Minister of Agriculture
- In office 1937–1938
- Prime Minister: Muhammad Mahmoud Pasha

Minister of Trade and Industry
- In office 1938–1939
- Prime Minister: Muhammad Mahmoud Pasha

Judge of the Court of Cassation of Egypt
- In office 1931–1937

Personal details
- Born: 1879 Cairo, Khedivate of Egypt
- Died: 1972 (aged 92–93) Cairo, Egypt
- Spouse: Victoria Ibrahim
- Children: Magdi Wahba
- Alma mater: College de la Sainte Famille
- Occupation: businessman, judge, politician

= Mourad Wahba =

Egyptian politician and judge (1879–1972)

Mourad Wahba Pasha (مراد وهبة باشا; 1879–1972) was an Egyptian politician and high court judge.

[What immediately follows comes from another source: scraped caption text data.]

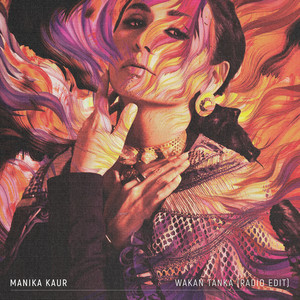 Wakan Tanka (Radio Edit)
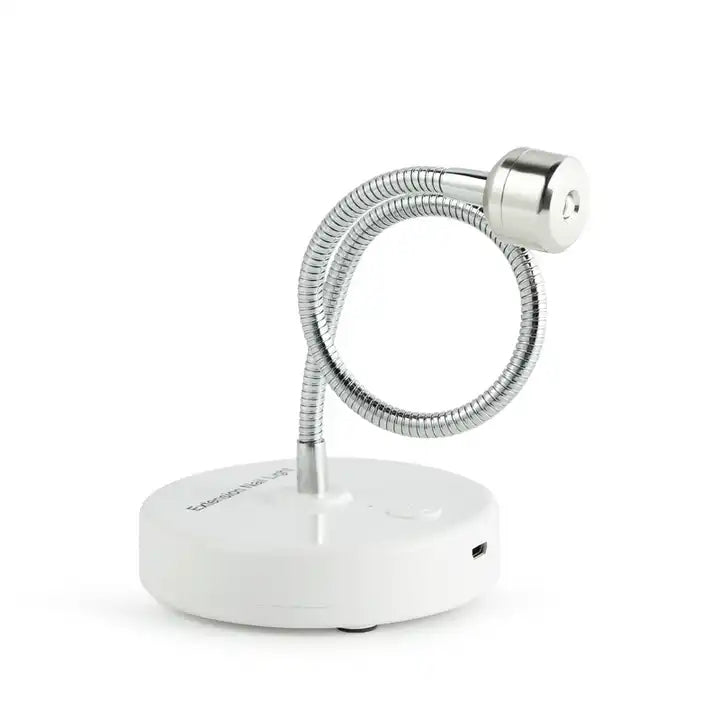 Adjustable LED Lamp - Portable & Rechargeable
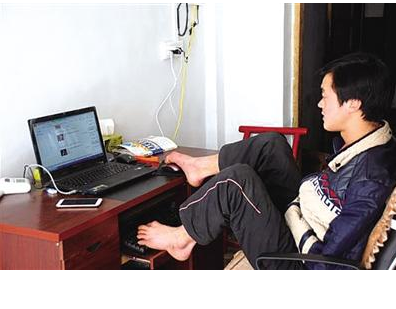 恩施上半年电商交易额达12亿 已建服务站472个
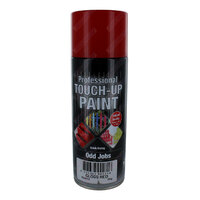 Odd Jobs Touch- Up Paint Gloss Red 250g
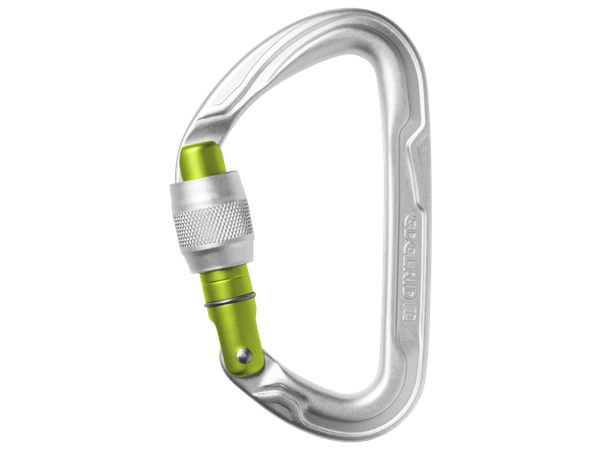 Pure Screw III Silver 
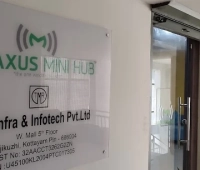 listing 6 Maaxus Digital Hub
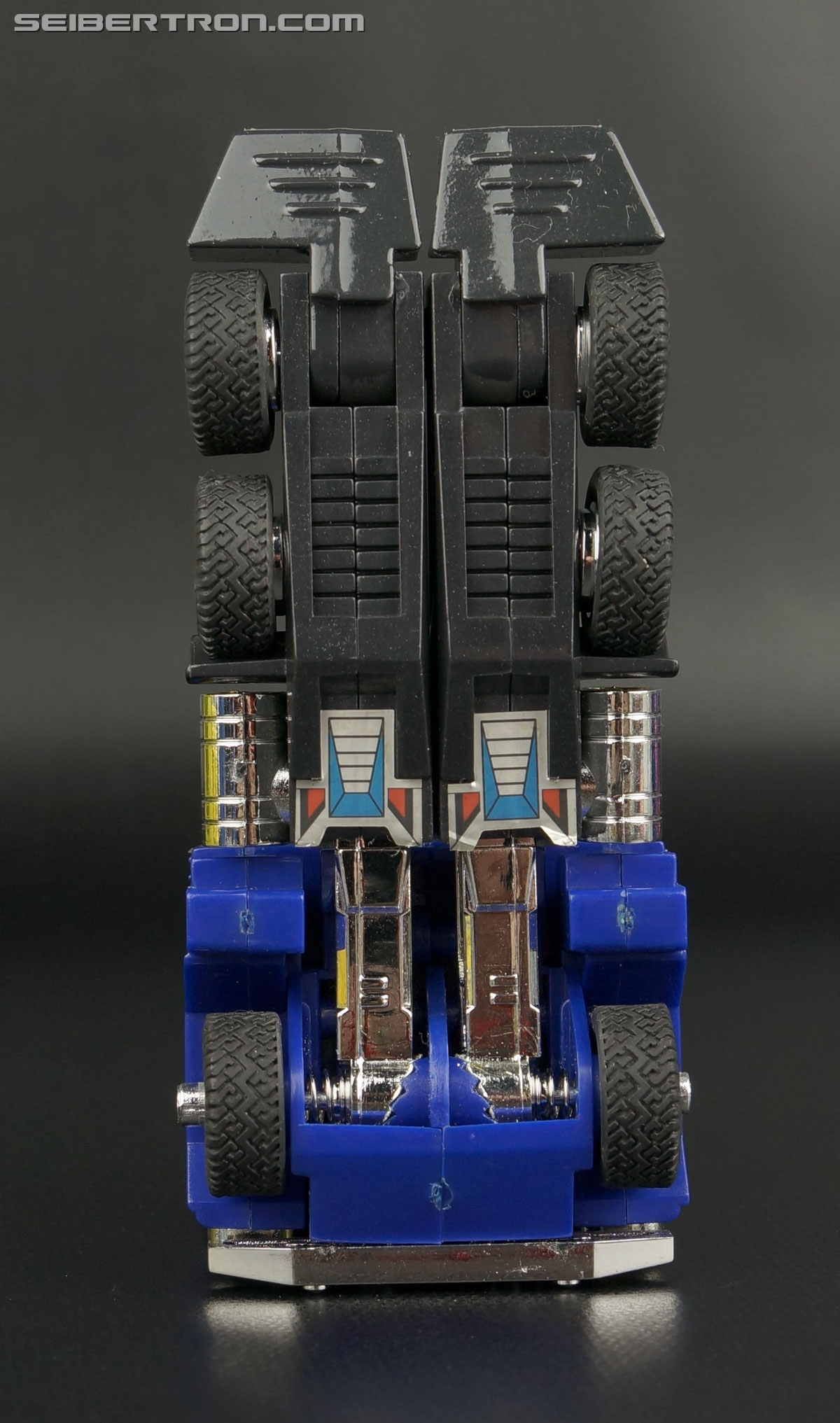 Transformers Generation One Diaclone Ultra Magnus (Movie Preview Version Ultra Magnus) (Image #80 of 203)
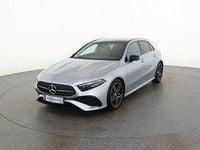 Gebraucht Mercedes A200 AMG line 150 PS (110 kW) 2025 Silber Limousine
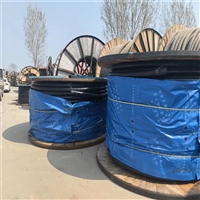 宝坻区矿用电缆回收120电缆回收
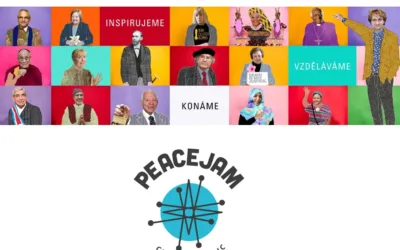 Workshop: Vzdělávací program PeaceJam / Mírový Džem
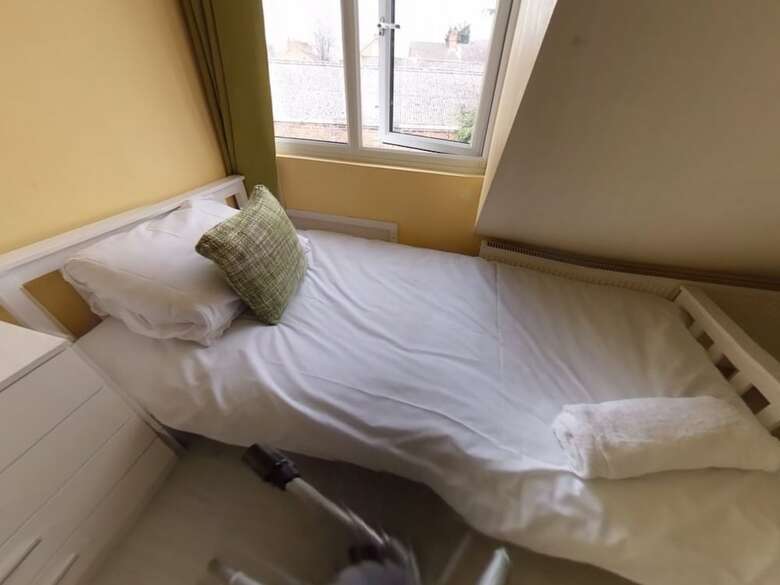 Hotel Jaylets Budget Leicester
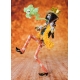 One Piece - Statuette FiguartsZERO Humming Brook 20 cm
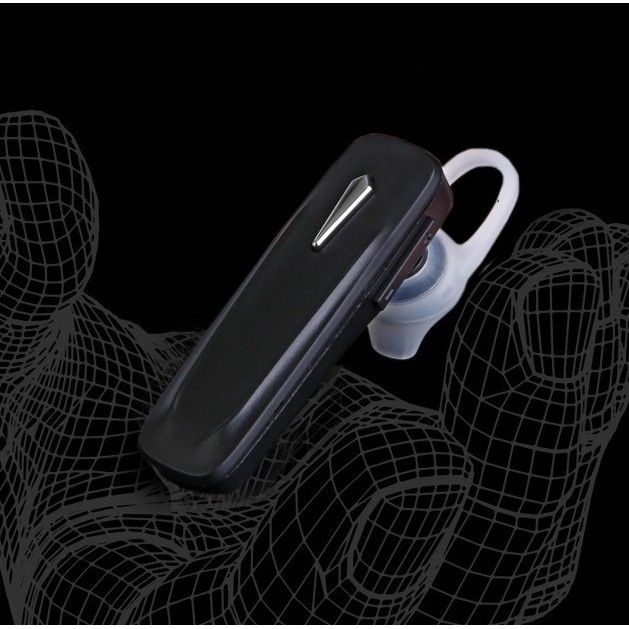 [Mã ELORDER5 giảm 10K đơn 20K] Tai nghe Bluetooth không dây nhét tai nghe nhạc đàm thoại mã 163h
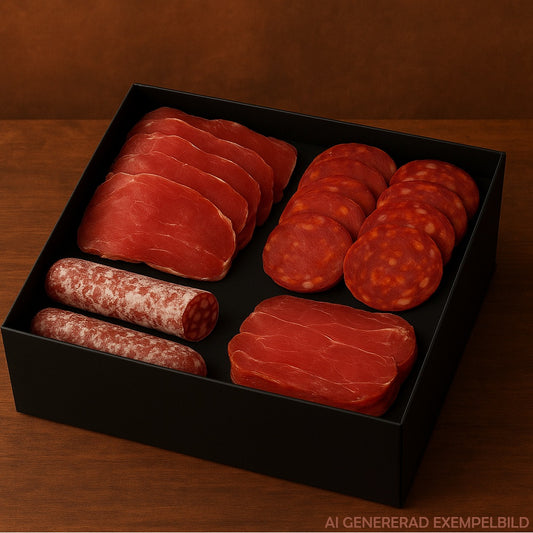 La Clásica 2-4 pers | Höstkampanj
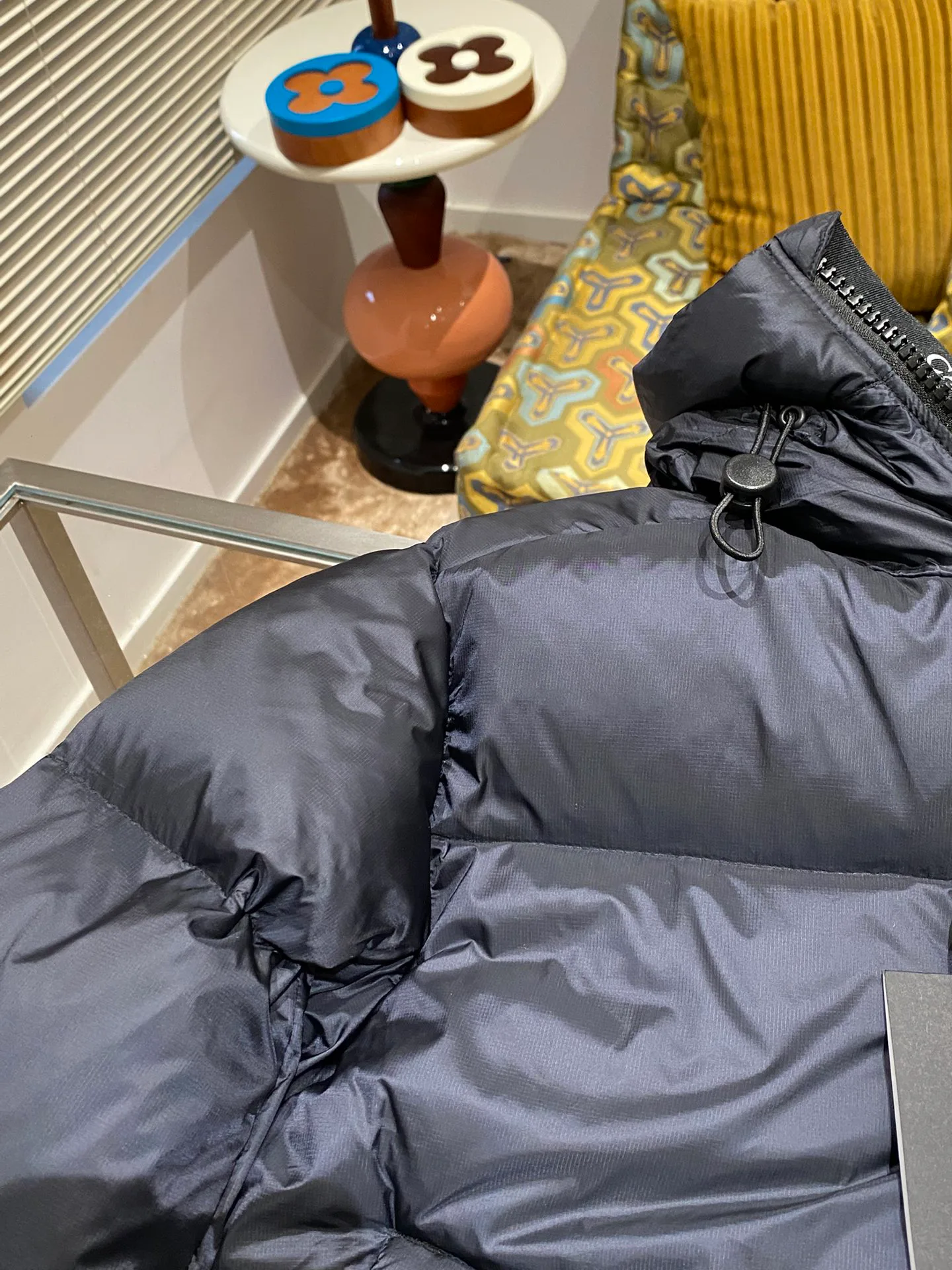 Куртки И Пуховики Мужские Canada Goose 608722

He served as Vice President of the Court of Cassation, then Egypt's highest court from 1931 to 1937 after which he was appointed Minister of Agriculture in 1937 and Minister of Trade and Industry in 1938. He was then appointed senator from 1939 to 1945. He also served in the Board of Directors of various companies and was a leading figure in Coptic communal affairs.

==Biography==

Mourad Wahba was born in Cairo, Egypt in 1879, the son of Youssef Wahba Pasha former prime minister of Egypt and grandson of Wahba Bey Youssef founder of the first Coptic charitable society. Wahba was educated in Cairo at the College de la Sainte Famille, a Jesuit School where Pierre Teilhard de Chardin taught for many years. He obtained his law degree from the Sorbonne in Paris and pursued a lifetime career in the Egyptian judicial system, serving as a judge on the Native Court of Appeals and then becoming a counsellor on the first Court of Cassation, the highest court in Egypt, from 1931 to 1937.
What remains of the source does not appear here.